That dude at the YMCA that clowns everyone. pic.twitter.com/tgR1JFyd0q— Big Ten Geeks (@bigtengeeks) January 25, 2017
On a personal note, I really needed this victory over Penn State because I frequently wake up screaming just thinking about my trip to Indianapolis for the Big Ten title game in December.
Odds and Ends
- Garner’s three trailer threes were alarming at the time, and although they didn’t matter in this game, the Badgers’ defense needs to account for that trailer. I believe Banks’s two threes may have been trailing threes as well. Just something for this defense to adjust to, especially against teams that shoot well from outside.

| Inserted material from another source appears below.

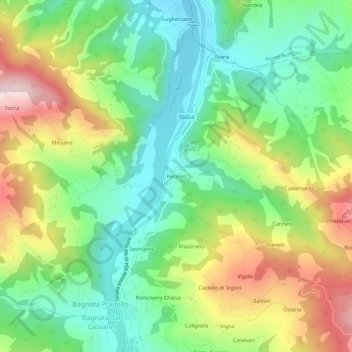 Mapa topográfico Recesio, altitud, relieve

- Happ drove from the three-point line late in the first half into some traffic and drew a foul, and I’ve mentioned it before, but it would be awesome to see more Badgers doing this, specifically when they get teams into dire foul trouble like Tuesday night. They were hemorrhaging fouls and the Badgers didn’t put them out of their misery. Koenig didn’t attempt a single free throw. That’s a move he’s gotta make when he’s sitting there, jab-stepping. Same with Showalter and Hill if they’re in the game, and Brown has shown that ability in the right scenario. If they can draw a foul, that’s perfect because they can actually hit their free throws.
- Happ has proven his post prowess, but he needs space to do that. There’s no reason anyone should clog the paint when Happ is in the game—unless it’s Hayes, who has shown the ability to work with Happ in the lane area. Their back-and-forth can be masterful when those two stretch the inside defenders in just the right way. So everybody else stay out of there! (Looking at you, Vitto.)

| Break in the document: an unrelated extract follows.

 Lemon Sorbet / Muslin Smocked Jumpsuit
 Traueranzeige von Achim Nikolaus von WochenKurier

- When the game got sloppy, Gard came out of the timeout with a Hayes-Happ-Koenig-Trice-Iverson lineup that was electric and fun. I’d be interested to see the stats for that lineup because I think it could be deadly on both ends of the floor and in transition.
- I’ve always cringed when the Badgers face the press, and although I’m not as worried about them breaking it this year, I wouldn’t be surprised if more teams throw it at them just to slow down the offense. The Badgers aren’t as precise in a harried half-court offense or in a semi-transition scenario if they break the press quickly. I’ll be interested to see what other teams throw at them and how they handle it.
- Happ’s footwork has been compared to Kevin McHale, but shoutout to the coaching staff because I’ve noticed impressive footwork inside from Showalter, Hayes and Brown all season. Showalter’s pivot work on a drive was calculated and well orchestrated, definitely a testament to the coaching.